Blanch did a brief stint as a copywriter in an advertising office and designed a poster for London Transport in 1933, however she soon turned to journalism: “It turned out that I express myself better in writing. And I had to earn my living, you know. I have always had to earn my living.” Articles like her profile of Pushkin for Time and Tide, and Anti-Beige, A plea for the Scarlet Woman for Harper’s Bazaar were remarked.
British Vogue at War
In 1935 Blanch joined British Vogue’s features department. From 1937-44 she was features editor, “Writing on everything but fashion — theatre, films, books, people“. She was on the front line of women journalists covering various aspects of Britain at war for the Ministry of Information, and documented the lives of women in the Forces with her friend the photographer Lee Miller. Vogue’s fashion editor, Anne Scott-James, described Lesley in her thinly disguised autobiographical novel In the Mink.

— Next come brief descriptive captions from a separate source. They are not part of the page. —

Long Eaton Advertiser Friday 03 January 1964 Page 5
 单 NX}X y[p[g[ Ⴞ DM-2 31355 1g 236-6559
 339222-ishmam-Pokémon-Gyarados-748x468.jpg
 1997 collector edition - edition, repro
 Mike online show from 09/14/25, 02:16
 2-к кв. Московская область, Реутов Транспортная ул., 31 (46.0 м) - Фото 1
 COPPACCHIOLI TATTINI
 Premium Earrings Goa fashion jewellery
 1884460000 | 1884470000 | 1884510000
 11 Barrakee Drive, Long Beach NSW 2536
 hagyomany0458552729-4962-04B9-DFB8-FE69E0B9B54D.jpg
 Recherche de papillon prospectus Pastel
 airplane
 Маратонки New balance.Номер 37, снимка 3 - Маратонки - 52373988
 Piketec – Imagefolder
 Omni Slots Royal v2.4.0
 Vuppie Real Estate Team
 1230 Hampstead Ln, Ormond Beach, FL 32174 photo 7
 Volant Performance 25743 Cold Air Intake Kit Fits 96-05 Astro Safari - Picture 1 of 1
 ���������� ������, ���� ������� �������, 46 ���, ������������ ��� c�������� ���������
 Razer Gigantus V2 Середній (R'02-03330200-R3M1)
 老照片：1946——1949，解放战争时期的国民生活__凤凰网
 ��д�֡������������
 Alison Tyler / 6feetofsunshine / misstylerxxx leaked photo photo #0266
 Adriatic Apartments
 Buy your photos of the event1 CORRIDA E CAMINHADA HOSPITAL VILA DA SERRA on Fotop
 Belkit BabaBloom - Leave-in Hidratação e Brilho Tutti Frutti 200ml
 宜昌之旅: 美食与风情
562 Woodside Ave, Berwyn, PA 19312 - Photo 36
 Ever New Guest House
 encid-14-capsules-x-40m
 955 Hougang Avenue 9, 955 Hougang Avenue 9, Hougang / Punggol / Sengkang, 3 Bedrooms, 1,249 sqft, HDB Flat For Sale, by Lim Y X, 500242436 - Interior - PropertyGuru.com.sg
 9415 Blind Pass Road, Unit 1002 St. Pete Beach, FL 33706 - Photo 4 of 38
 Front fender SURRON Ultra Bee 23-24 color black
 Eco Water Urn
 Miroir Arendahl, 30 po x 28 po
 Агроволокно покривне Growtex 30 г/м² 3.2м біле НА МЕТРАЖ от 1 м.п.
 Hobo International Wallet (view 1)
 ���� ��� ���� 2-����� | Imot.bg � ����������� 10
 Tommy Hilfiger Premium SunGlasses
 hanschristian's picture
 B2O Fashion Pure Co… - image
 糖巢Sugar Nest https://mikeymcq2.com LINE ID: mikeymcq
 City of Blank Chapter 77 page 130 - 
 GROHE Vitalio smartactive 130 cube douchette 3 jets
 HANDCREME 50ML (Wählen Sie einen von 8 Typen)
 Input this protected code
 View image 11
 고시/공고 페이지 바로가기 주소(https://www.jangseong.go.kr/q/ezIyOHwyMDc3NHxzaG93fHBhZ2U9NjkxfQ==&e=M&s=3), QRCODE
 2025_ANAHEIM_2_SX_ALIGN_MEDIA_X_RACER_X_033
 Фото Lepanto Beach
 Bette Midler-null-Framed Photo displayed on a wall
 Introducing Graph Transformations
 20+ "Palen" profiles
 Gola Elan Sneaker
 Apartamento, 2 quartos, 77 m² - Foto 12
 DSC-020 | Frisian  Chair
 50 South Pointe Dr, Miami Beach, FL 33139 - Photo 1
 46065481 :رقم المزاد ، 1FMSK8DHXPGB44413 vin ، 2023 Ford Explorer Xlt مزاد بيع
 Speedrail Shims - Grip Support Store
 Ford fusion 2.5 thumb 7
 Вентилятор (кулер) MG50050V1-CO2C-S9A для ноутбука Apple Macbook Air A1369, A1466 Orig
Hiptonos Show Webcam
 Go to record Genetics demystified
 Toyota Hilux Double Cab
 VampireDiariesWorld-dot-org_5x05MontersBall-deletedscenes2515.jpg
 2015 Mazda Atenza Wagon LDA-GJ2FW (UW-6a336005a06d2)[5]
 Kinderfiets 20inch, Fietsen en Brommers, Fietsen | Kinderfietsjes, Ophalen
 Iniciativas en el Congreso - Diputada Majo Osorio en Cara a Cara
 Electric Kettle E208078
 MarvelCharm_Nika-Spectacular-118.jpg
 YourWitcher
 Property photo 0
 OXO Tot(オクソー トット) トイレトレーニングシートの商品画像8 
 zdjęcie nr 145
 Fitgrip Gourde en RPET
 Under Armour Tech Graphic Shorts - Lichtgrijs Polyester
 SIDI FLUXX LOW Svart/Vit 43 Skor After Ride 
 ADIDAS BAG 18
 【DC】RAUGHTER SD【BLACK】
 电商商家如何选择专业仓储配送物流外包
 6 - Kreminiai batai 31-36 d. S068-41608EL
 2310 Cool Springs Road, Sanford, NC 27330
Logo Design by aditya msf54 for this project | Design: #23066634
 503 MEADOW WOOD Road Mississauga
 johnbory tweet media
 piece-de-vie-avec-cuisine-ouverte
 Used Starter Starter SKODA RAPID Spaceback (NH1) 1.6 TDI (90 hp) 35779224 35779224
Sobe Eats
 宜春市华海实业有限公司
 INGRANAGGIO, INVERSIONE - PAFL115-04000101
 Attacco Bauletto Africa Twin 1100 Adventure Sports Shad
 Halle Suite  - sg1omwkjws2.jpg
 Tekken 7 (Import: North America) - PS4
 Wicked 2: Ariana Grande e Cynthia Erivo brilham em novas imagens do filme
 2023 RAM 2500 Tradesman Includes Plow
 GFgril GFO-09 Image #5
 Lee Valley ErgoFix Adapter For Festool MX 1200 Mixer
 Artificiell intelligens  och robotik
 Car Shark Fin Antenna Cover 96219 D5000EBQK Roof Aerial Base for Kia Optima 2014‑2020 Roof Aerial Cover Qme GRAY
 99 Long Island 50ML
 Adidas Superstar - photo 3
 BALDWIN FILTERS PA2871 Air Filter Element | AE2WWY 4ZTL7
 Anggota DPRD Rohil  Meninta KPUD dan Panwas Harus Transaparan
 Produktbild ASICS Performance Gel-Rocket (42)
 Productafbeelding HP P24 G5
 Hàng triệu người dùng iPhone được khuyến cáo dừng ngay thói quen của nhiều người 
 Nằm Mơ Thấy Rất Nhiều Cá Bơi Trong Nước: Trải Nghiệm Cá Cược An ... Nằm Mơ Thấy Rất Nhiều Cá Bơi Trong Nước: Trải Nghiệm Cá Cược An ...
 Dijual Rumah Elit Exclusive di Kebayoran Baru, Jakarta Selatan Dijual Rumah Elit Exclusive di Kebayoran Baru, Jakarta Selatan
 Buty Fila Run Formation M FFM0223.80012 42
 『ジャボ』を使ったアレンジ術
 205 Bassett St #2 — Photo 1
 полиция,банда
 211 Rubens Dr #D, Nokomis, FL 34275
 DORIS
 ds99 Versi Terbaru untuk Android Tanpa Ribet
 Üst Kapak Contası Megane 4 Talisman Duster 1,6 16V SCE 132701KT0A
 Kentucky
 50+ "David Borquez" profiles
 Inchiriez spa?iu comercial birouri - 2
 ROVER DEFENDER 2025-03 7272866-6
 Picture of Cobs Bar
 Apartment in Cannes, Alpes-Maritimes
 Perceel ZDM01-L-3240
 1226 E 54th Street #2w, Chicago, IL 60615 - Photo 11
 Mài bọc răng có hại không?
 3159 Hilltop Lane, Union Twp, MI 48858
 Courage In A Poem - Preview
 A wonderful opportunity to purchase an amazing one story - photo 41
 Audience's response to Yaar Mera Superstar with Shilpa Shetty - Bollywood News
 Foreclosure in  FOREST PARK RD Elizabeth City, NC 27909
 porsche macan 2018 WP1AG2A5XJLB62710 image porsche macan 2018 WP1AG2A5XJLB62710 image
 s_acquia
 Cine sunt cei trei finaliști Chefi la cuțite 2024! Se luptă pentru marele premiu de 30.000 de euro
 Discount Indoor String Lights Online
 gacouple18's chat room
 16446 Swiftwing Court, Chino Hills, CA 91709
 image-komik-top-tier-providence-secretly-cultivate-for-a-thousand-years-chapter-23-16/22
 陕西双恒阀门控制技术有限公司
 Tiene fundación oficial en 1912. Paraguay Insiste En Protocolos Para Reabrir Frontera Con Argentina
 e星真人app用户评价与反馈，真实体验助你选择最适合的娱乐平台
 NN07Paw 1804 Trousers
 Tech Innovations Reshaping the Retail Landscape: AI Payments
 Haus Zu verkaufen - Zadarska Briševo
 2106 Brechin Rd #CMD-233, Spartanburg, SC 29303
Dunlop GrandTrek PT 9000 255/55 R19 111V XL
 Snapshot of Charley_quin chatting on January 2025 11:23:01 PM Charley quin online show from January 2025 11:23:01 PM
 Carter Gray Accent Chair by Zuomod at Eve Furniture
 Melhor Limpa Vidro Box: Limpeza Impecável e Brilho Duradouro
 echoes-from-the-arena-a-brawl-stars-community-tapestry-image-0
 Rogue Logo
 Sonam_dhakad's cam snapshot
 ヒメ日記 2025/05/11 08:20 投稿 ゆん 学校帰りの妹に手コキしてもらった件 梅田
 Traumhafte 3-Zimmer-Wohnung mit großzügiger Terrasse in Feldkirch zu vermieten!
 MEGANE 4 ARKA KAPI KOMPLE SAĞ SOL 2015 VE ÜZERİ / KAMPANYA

Lesley left British Vogue in 1945, and briefly wrote a column for the Daily Mail, but fell out with the commissioning editor, her love for all things Slav not chiming well with its conventional readership. Edward Hulton hired Lesley to write profiles about the cinema and its stars for The Leader – a journal of current affairs and the arts which was complementary to his successful photojournalist magazine, Picture Post. She worked for him as a film critic for a year. “When I lived in London during the Blitz, three flats were shattered from under me — by the end of it I wanted a change.”